Berikut, tazkiyah, Rasulullah SAW menyucikan jiwa manusia dari kemusyrikan sehingga mereka bertauhid yang murni, hanya beribadah kepada Allah SWT. “Tazkiyah juga bermakna menyucikan ruhani dari penyakit-penyakit kalbu, seperti hasad, sombong, tamak, riya, dan dendam.” Sejelas itu disebut ustad Kosim, tak juga akan berubah engkau lagi? Tak dapat akal saya.

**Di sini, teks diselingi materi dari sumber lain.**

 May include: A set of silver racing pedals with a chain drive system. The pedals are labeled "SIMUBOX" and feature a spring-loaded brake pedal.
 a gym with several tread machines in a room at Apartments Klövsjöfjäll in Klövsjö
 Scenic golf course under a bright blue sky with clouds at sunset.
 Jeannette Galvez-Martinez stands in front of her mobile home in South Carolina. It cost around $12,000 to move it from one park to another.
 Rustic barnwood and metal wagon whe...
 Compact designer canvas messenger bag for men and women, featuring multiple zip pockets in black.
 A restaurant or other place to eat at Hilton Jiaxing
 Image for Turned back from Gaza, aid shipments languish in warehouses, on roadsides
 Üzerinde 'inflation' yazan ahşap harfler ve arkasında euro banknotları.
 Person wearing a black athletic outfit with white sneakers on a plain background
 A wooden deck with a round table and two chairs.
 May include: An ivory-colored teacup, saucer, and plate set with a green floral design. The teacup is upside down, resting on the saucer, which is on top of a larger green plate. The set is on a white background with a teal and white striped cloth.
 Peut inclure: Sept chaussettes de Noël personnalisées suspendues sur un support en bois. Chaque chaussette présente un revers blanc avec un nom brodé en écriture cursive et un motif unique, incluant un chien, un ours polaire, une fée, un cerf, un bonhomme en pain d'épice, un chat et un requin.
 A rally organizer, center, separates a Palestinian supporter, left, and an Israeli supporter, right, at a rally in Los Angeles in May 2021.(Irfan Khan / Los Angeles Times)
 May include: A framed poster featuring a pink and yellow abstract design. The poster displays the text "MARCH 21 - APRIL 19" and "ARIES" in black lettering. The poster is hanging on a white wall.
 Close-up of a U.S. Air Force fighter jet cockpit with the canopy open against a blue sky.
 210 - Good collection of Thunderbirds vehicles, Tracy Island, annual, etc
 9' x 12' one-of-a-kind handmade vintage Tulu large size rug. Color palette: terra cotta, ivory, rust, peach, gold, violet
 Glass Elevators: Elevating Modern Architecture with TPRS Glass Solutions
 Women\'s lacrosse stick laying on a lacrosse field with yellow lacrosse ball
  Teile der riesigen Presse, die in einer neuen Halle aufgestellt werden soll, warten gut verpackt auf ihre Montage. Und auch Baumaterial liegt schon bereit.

Dengan tazkiyah, manusia dididik mengenal Allah SWT, mengosongkan dirinya dari maksiat lalu mengisinya dengan ketaatan, menyuburkan kalbunya dengan zikir, hingga senang menolong dan berbagi pada sesama. Tentu maksudnya bukan memberi THR atau mengejar-ngejar THR.
Pendidikan yang mengabaikan jiwa, hanya melahirkan manusia pintar tanpa nurani sehingga mendatangkan banyak mudarat. Mendidik akhlak umat sangat dipengaruhi oleh kondisi ruhani para pendidik, baik guru di sekolah/madrasah, terutama orang tua sebagai guru pertama dan utama dalam keluarga.Kita tak hendak membebankan semua ini pada sekolah, bisa pecah sekolah itu dibuatnya. Ada tugas orang banyak dan tugas rumah tangga sebagaimana teori pendidikan klasik.
Lalu apa kata Yosviandri? Sebagai berikut:
“Yang perlu dibenahi sikap mental manusia pendidik dan manusia yang dididik. Bukan pengetahuan teknis akademisnya. Budi pekerti, cara berkomunikasi, semangat belajar, tujuan belajar, ilmu mengajar dan sebagainya yang menyangkut interaksi sosial masyarakat perlu dididikkan ke para pelajar dan mahasiswa termasuk kepada tenaga pengajar/dosen,” katanya.